Chandra is amongst many legal experts and women’s rights activists who are already questioning the reputation of the high court after a draft ruling indicating the court would overturn Roe v Wade – the landmark 1973 precedent that made abortions legal – was leaked to the press on Monday.
The court confirmed the draft’s authenticity on Tuesday, but said it was not final. Still, the unofficial decision has sparked nationwide anger with critics arguing that overturning Roe would demonstrate that the court’s nine justices – six of whom were appointed by Republican presidents, including three by Donald Trump – are political actors, not impartial jurists.
According to Politico, which first published the draft decision late on Monday, Justice Samuel Alito – a George W Bush appointee – wrote the preliminary decision, which was also backed by conservative Justice Clarence Thomas and Trump’s three appointees – Justices Neil Gorsuch, Brett Kavanaugh and Amy Coney Barrett.

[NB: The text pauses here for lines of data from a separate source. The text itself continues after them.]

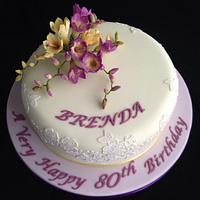 Purple and lemon freesias 80th birthday cake 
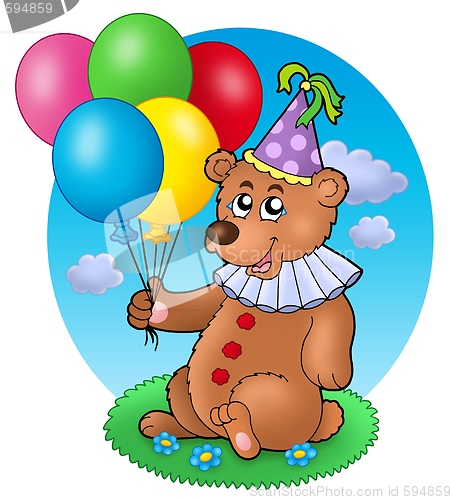 Image of Bear clown with balloons on meadow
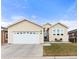 Beige house with a two-car garage and landscaping at 6280 Indian Paintbrush St, Frederick, CO 80530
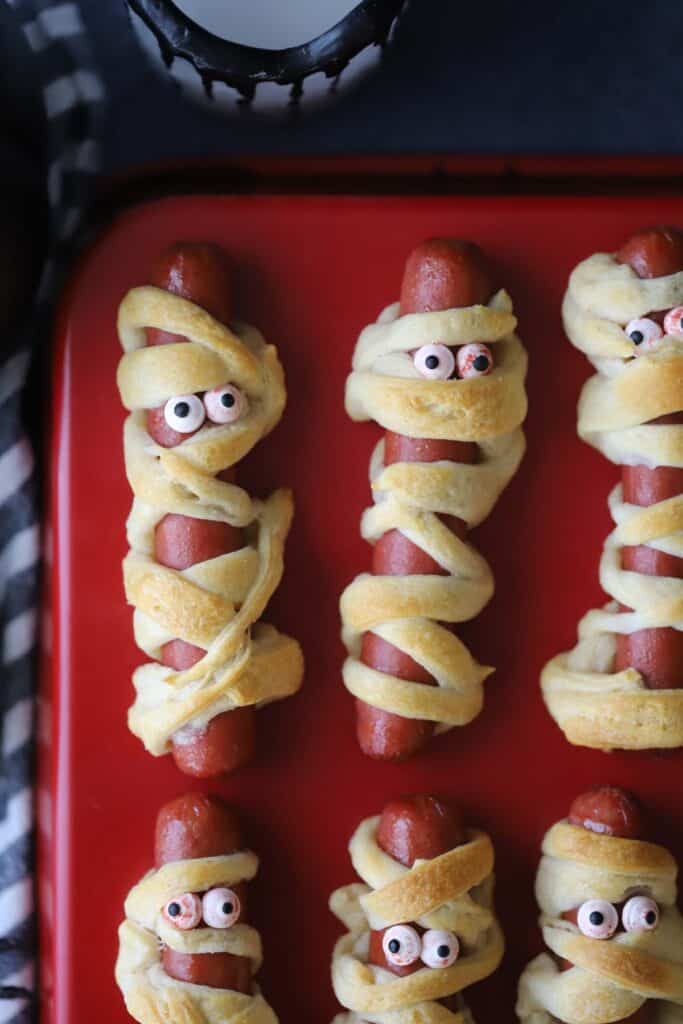Hotdog Mummy halloween food, these easy mummy hot dogs using crescent roll dough and tiny candy eyeballs.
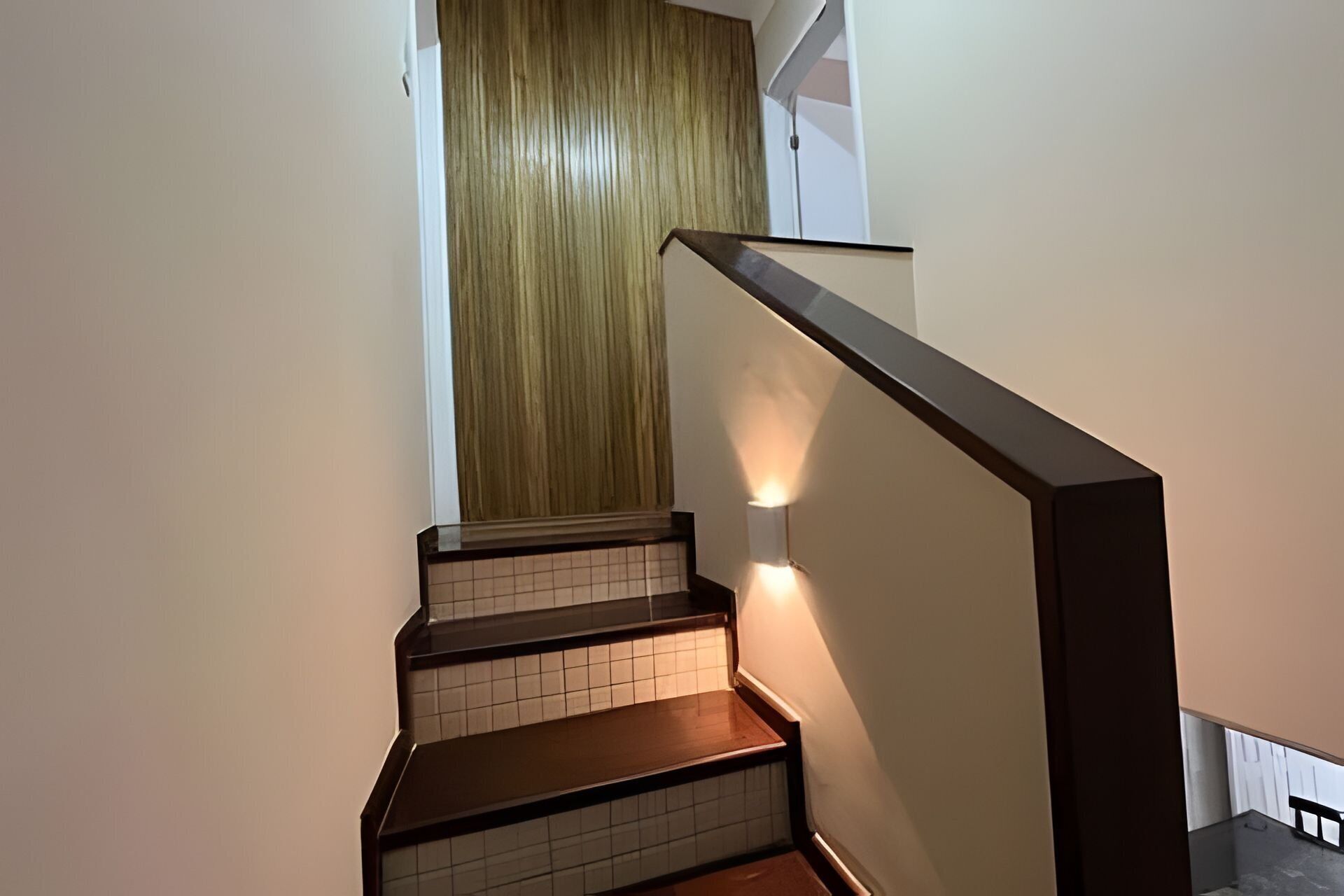A staircase with wooden steps and a handrail, leading to a room with a wooden door.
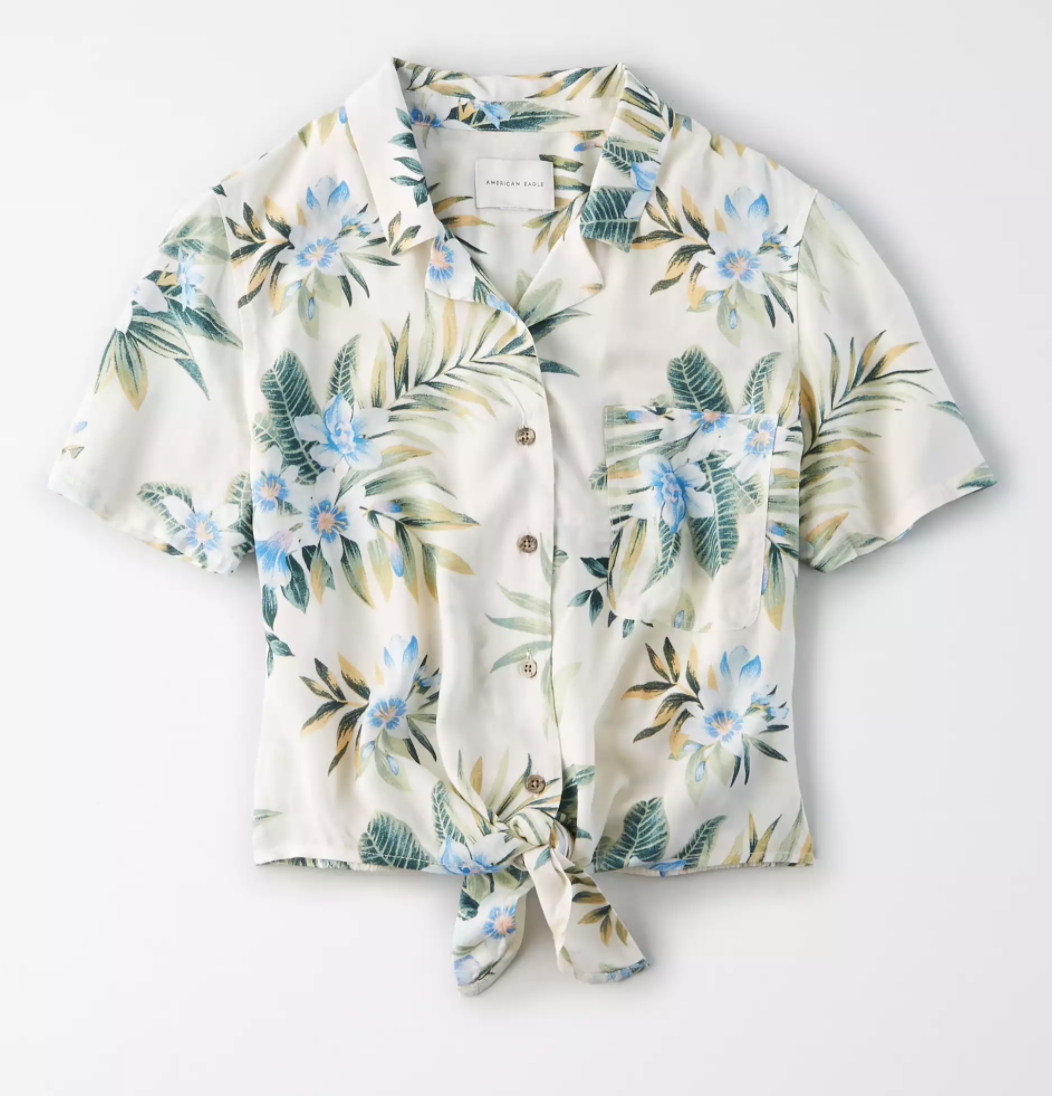 The shirt in white with blue flowers and green leaves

“The larger issue that we should all be alarmed by is the sliding back of the US democracy, the dismantling of the rule of law, the slipperiness that now has been invoked within the court in terms of precedent … having very little meaning,” said Michele Goodwin, a law professor at the University of California, Irvine.
‘More politicised’
Goodwin said it is difficult to take the court seriously when justices follow such “dramatically drawn lines” that align with political parties’ ideology.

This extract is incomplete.